THE WORD “eunuch” first appears in antiquity and was applied to a man unable for whatever reason to have sexual intercourse. Soon enough it came to denote a man or boy who had been castrated to serve another’s utility — often the guarding of a harem but also for other reasons, such as preserving a boy’s singing voice (by preventing his larynx from maturing) so that it would always remain in that haunting soprano-contralto range so popular in 18th-century Italy.
In modern discourse, however, the word is irrevocably tied to Australian feminist scholar Germaine Greer’s groundbreaking 1970 book The Female Eunuch. The great pleasure of hearing those two words juxtaposed only adds to the potency of the title and of Greer’s thesis: that, as with a man who is unable to achieve orgasm, the contemporary woman’s emotional, social, and erotic existence is being diluted by a suburban culture that is both consumer-oriented and heteronormative.

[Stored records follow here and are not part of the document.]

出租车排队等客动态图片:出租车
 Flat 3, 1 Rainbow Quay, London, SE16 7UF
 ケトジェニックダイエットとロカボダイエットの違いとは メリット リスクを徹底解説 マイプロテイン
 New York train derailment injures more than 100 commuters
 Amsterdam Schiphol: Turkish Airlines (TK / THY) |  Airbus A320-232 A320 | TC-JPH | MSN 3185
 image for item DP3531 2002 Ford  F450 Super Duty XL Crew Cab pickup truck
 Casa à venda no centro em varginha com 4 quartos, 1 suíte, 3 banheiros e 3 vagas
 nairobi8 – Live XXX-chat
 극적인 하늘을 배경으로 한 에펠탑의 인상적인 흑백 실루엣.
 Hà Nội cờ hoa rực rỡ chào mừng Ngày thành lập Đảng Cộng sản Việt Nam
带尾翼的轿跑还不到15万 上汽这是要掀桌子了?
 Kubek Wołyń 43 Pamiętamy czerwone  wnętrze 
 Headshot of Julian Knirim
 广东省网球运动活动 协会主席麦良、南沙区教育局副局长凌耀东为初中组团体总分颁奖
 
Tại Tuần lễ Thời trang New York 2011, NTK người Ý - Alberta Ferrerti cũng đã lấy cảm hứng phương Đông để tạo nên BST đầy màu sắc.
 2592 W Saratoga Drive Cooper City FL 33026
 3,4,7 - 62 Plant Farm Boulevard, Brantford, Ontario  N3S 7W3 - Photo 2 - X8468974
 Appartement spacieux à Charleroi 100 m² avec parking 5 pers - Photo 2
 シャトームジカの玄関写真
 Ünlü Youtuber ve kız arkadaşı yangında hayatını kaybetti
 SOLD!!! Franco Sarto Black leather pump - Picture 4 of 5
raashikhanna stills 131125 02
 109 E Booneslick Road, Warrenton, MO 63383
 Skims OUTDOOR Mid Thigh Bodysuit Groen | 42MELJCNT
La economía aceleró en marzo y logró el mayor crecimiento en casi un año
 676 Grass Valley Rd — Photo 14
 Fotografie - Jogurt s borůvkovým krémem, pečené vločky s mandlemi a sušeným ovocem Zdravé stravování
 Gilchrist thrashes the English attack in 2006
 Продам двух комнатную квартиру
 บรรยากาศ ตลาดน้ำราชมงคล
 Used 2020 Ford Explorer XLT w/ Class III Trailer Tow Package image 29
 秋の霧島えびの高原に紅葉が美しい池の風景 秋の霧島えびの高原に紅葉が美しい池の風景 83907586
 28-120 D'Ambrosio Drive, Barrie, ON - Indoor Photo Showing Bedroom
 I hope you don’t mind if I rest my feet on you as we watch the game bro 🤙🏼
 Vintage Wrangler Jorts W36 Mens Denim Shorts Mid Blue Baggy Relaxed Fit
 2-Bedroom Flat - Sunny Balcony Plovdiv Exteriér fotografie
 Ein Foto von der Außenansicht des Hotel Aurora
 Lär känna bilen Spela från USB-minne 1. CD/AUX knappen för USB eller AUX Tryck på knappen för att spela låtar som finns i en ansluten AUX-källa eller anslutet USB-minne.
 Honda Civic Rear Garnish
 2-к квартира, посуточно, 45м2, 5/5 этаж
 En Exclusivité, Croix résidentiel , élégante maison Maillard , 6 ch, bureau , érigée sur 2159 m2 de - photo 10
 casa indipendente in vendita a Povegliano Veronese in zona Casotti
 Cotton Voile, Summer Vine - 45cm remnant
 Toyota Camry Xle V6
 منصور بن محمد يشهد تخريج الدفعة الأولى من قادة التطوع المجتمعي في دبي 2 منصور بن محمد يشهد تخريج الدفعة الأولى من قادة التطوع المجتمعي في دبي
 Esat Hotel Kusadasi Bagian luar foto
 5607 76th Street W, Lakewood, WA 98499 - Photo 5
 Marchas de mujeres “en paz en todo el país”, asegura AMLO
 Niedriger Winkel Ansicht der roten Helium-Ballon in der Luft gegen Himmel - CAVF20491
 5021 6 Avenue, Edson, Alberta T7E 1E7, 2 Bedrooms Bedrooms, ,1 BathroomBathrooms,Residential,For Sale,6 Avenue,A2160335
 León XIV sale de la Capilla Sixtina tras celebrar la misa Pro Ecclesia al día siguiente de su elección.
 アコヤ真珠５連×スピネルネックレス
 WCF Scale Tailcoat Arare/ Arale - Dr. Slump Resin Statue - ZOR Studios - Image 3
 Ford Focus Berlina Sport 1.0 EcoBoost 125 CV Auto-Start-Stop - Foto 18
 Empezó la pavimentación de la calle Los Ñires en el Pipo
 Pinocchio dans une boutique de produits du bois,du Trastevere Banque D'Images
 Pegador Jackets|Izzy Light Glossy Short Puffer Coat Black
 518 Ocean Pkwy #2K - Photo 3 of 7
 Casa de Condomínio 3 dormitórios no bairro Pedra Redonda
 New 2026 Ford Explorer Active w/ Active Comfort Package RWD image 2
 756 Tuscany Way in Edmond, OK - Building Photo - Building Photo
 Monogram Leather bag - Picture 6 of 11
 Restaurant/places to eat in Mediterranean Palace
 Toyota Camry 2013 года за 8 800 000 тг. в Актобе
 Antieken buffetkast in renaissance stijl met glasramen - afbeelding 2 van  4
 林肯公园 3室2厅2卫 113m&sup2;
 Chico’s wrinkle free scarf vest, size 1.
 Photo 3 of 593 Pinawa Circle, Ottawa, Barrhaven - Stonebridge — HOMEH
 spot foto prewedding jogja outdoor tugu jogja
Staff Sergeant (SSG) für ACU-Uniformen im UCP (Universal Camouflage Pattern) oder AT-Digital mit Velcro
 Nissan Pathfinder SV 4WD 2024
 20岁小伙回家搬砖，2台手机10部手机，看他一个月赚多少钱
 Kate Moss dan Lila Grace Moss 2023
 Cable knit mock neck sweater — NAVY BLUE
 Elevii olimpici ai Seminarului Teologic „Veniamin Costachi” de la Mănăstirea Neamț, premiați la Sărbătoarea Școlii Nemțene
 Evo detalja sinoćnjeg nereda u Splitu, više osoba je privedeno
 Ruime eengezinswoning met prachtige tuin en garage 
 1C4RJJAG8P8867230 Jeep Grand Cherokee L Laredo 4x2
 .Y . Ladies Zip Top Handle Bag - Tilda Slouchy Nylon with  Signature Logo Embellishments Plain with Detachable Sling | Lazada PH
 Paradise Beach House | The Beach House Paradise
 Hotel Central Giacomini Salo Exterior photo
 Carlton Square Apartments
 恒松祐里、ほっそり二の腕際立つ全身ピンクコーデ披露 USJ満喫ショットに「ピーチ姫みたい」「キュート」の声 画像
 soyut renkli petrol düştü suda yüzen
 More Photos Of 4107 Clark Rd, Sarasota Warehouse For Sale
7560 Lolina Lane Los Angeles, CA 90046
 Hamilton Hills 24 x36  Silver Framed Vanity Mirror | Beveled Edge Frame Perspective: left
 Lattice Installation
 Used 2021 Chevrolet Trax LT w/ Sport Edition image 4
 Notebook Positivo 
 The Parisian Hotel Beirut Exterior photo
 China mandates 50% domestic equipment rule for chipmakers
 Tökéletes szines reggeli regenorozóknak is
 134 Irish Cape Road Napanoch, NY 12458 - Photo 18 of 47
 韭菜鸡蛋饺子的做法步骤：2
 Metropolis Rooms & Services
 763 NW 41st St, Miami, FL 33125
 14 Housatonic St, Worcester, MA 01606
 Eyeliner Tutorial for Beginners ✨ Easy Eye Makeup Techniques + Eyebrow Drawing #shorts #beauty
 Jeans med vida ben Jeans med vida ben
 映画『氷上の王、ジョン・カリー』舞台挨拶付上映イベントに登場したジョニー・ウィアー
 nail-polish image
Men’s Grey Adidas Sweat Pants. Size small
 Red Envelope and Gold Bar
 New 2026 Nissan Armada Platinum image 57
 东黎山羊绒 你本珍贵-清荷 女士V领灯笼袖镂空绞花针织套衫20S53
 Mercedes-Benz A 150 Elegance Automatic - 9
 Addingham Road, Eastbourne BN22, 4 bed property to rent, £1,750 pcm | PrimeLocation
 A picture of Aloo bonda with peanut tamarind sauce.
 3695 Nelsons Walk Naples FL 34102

According to Greer, the woman of today is actually the eunuch herself — dehumanized and desexualized by an oppressive patriarchy that engulfs her autonomy and, thereby, her personhood, as well as her womanhood. Greer’s book eventually became one of the cardinal texts that spearheaded the second-wave feminism of the 1970s, acting as a manifesto, guide, and “bible” for many disenfranchised and displaced women who felt stranded by the gilded cage of marriage.
While The Female Eunuch has been reprinted multiples times over the past four decades, its status has diminished (as with Betty Friedan’s The Feminine Mystique  and Kate Millett’s Sexual Politics ); where once it was an essential text, it has become largely regarded as a “fitful, passionate, scattered text, not cohesive enough to qualify as a manifesto,” as Laura Miller wrote in Salon.
Nevertheless, Greer’s musings on the nature of female exploitation, oppression, and displacement in a society ruled by strict codes of behaviors and life choices were a shining light for many on what had become quotidian and systematically ingrained into the political sphere. Despite Greer’s checkered academic career and her later alienation from being the “high priestess” of the women’s liberation movement, she has still acted as an important antagonist in the continued and naturalized misogyny of women decades later.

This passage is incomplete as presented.